Re: FAT, NTFS, CIFS and DOS attributes

From: tridge
Date: Mon Jan 03 2005 - 20:18:19 EST


> The slightly stronger reason is basically the same reason why we don't
> stuff a bunch of things into a struct stat and call a single system call
> to change a bunch of attributes

yes, and if we want this to be a good API then we'd use something like
a bitmask to indicate what fields to update so we can update them in
groups in a raceless fashion, but that would require that the kernel
understand the internals of these structures. I didn't have that
luxury, so I grouped them in the way that best matched the common use
of the attributes.

> you don't want to have to change them all every time, and by
> putting them all in the same structure that's your only option,
> since setxattr() doesn't allow you to mask and merge.

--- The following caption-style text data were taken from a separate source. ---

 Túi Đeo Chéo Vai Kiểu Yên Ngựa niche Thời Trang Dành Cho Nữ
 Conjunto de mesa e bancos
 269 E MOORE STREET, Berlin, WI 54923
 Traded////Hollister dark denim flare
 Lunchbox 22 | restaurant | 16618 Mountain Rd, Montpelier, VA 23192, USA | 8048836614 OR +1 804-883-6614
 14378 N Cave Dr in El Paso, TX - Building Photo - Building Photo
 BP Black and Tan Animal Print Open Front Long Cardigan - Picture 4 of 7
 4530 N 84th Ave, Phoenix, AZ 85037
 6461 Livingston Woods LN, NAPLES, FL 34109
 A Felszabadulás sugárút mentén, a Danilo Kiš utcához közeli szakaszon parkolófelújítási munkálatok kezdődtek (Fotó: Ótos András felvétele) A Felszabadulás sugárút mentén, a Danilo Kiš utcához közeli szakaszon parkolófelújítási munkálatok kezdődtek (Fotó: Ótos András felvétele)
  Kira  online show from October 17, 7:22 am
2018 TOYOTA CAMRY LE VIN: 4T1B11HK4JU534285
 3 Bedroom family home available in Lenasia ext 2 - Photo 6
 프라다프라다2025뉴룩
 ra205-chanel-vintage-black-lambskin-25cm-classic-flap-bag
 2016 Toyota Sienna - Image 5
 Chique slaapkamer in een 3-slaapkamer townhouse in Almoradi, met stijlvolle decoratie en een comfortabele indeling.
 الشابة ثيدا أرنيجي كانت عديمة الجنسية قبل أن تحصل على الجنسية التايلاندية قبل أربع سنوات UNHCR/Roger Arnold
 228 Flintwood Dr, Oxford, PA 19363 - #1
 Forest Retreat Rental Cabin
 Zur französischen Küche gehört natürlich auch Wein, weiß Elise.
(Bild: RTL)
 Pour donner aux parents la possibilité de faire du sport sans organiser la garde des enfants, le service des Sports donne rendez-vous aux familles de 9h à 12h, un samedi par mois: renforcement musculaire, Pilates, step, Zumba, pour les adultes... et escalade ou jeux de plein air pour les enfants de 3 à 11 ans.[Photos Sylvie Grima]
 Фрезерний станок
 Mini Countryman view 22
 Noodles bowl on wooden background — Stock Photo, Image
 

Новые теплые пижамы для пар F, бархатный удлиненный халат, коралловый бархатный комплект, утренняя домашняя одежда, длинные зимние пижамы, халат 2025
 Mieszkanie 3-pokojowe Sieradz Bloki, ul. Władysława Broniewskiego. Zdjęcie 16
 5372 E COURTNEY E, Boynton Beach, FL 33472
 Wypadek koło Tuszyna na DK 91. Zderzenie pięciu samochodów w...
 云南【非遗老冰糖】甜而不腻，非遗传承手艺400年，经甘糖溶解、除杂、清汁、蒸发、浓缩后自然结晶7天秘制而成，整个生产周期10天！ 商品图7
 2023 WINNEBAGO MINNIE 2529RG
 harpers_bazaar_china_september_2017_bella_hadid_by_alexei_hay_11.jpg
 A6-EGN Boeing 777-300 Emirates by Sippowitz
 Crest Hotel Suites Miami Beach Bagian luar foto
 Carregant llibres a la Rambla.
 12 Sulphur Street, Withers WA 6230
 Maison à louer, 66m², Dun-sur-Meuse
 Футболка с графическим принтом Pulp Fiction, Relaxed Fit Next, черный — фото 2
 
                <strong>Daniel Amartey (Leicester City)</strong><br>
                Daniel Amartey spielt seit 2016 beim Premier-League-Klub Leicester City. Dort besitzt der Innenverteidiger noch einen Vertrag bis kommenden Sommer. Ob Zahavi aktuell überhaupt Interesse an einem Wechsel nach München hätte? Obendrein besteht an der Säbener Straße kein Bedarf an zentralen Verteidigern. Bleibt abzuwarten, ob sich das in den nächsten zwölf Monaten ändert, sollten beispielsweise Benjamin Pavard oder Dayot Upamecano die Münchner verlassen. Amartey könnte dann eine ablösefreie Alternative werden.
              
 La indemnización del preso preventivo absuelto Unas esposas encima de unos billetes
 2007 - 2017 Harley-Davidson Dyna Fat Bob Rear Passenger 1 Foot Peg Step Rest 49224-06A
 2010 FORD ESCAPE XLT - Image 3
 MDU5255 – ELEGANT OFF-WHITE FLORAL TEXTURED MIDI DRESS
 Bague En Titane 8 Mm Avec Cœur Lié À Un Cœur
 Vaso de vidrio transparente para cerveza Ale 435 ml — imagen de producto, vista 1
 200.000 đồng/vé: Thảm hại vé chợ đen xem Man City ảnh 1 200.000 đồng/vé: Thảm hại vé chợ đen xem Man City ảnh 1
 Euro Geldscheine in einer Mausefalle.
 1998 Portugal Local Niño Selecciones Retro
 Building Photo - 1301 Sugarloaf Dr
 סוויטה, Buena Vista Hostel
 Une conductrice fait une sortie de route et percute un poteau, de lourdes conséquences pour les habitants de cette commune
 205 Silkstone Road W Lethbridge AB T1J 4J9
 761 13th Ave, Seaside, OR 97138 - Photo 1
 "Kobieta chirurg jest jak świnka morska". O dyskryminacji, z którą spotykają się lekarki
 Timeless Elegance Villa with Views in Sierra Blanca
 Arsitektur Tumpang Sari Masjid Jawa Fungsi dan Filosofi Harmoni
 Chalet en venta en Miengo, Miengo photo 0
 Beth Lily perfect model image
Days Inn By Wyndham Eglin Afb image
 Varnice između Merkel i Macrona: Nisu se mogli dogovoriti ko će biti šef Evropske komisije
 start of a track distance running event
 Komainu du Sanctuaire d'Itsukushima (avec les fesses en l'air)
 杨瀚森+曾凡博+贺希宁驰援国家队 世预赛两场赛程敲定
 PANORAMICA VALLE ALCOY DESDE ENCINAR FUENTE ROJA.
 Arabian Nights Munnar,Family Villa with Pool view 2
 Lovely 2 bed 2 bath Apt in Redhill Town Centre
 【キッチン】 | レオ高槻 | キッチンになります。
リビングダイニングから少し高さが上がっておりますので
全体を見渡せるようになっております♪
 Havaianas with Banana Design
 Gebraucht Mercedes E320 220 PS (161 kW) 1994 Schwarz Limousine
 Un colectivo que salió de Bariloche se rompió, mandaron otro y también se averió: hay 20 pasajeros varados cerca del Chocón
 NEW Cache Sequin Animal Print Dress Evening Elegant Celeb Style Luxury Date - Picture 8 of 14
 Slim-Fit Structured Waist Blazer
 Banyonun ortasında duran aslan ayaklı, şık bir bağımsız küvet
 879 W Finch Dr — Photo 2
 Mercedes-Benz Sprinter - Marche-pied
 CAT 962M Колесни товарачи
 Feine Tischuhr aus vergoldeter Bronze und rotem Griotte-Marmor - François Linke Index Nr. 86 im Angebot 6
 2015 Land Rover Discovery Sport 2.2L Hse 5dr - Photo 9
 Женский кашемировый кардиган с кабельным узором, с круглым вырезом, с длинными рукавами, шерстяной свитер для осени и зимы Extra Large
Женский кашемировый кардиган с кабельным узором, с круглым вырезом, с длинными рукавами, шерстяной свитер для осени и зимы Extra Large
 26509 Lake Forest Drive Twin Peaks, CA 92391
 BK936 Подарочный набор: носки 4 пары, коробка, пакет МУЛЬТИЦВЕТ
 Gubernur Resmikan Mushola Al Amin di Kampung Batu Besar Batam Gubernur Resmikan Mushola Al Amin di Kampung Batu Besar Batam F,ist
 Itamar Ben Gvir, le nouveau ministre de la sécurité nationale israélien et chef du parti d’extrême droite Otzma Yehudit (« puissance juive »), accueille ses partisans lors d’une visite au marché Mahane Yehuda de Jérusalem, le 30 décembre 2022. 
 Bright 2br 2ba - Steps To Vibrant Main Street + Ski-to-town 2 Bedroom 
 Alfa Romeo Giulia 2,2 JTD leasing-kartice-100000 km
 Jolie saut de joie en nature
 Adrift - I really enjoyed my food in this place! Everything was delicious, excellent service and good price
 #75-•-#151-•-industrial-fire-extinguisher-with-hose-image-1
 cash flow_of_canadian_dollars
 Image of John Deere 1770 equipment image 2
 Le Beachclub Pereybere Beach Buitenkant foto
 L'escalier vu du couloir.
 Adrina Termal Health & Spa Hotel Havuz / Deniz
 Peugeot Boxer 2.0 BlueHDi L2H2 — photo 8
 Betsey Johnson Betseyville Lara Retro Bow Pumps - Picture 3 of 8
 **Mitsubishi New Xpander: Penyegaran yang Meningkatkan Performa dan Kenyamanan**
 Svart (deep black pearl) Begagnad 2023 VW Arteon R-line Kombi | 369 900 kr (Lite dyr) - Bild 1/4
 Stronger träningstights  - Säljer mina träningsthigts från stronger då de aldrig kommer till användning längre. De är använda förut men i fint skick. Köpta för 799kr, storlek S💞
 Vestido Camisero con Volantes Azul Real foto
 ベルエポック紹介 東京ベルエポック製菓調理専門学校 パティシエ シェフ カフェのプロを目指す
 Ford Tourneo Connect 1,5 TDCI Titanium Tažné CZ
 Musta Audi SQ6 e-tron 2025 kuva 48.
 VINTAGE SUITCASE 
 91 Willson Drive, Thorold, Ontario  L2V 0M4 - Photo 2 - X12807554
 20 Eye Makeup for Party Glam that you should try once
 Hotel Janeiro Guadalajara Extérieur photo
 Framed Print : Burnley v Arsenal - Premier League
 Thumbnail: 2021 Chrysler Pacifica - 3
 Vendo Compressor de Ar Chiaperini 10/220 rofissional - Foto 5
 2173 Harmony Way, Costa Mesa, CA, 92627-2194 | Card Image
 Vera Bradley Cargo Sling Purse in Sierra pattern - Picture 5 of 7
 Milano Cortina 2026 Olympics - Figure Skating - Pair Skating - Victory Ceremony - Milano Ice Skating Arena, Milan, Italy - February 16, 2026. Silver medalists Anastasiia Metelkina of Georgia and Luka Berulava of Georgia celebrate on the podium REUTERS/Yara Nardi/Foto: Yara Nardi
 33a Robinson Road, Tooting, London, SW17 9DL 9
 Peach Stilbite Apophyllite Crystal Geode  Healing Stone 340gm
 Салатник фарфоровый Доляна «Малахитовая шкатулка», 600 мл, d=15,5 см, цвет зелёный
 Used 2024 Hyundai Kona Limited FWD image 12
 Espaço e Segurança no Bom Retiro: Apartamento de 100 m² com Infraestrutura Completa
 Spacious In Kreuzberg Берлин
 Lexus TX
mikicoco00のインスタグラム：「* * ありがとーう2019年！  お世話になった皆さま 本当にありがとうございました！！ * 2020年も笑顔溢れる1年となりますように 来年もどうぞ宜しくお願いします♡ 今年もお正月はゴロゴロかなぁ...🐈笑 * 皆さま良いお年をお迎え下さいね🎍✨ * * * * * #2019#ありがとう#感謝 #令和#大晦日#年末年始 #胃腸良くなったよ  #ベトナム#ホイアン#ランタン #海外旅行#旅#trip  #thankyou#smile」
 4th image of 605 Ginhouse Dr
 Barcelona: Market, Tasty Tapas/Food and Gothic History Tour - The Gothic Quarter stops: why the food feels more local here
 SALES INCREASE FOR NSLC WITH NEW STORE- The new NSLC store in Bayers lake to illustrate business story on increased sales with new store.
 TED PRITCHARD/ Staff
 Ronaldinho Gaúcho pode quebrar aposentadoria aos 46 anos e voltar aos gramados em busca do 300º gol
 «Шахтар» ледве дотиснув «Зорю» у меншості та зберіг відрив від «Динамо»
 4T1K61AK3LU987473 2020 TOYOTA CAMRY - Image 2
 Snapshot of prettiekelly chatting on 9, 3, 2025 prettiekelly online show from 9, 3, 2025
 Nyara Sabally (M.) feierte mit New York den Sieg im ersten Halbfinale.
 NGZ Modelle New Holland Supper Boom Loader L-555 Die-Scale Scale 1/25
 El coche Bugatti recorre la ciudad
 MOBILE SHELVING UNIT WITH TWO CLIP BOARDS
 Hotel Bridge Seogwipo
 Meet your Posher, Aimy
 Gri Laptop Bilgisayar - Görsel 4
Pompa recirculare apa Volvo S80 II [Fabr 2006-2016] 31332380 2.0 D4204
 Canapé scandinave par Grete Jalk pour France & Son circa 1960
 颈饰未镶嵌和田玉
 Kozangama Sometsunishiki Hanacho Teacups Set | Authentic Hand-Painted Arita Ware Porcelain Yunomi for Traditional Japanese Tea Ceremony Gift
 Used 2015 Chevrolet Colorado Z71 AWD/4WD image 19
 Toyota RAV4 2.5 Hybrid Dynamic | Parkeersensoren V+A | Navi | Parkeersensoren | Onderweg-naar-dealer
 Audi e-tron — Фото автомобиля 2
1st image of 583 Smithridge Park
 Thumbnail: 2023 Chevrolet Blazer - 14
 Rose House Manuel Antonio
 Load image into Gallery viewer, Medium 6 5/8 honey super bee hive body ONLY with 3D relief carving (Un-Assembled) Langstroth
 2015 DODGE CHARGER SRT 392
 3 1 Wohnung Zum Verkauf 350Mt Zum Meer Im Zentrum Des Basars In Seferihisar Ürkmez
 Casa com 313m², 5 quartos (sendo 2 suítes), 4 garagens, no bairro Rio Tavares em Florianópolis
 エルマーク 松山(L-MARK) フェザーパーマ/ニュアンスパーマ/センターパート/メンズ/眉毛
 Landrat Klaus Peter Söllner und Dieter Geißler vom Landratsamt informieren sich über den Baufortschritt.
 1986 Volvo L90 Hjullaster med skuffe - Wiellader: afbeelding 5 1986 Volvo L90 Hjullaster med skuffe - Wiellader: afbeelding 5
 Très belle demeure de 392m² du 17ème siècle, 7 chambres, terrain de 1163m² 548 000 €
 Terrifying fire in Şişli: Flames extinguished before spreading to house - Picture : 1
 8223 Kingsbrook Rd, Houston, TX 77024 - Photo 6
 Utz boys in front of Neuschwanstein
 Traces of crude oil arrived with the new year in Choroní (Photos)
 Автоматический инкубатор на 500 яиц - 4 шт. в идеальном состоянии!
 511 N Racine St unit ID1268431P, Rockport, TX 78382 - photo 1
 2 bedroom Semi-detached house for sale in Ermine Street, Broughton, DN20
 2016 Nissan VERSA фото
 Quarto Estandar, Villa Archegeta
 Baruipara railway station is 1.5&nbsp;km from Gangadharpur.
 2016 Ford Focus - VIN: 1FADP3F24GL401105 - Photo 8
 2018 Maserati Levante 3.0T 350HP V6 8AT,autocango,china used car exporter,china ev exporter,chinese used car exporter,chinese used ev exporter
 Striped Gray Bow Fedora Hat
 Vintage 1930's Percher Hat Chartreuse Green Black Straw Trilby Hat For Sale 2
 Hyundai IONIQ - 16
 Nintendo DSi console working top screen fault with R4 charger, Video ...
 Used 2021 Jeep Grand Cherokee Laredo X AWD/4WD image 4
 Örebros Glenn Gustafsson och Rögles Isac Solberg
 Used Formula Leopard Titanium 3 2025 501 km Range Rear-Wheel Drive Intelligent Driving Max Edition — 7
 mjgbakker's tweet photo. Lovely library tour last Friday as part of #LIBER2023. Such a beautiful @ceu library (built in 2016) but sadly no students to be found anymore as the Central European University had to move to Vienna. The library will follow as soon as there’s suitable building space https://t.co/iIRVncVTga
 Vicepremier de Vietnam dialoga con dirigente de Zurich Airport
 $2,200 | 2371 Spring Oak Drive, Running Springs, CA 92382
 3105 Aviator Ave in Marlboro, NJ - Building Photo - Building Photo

can you tell me who you imagining will be using these attributes apart
from Samba, Wine and backup/restore apps?

>
> Incidentally, the document you pointed me to wasn't clear on the
> endianness convention.

It's little-endian NDR. For a full description of NDR in all its gory
details see http://www.opengroup.org/onlinepubs/9629399/chap14.htm

NDR seems like overkill at first, until you start to look at security
descriptors. They are very complex beasts, and using IDL/NDR makes it
much easier (in fact, security descriptors need some minor
enhancements to NDR to encode them the same way windows does).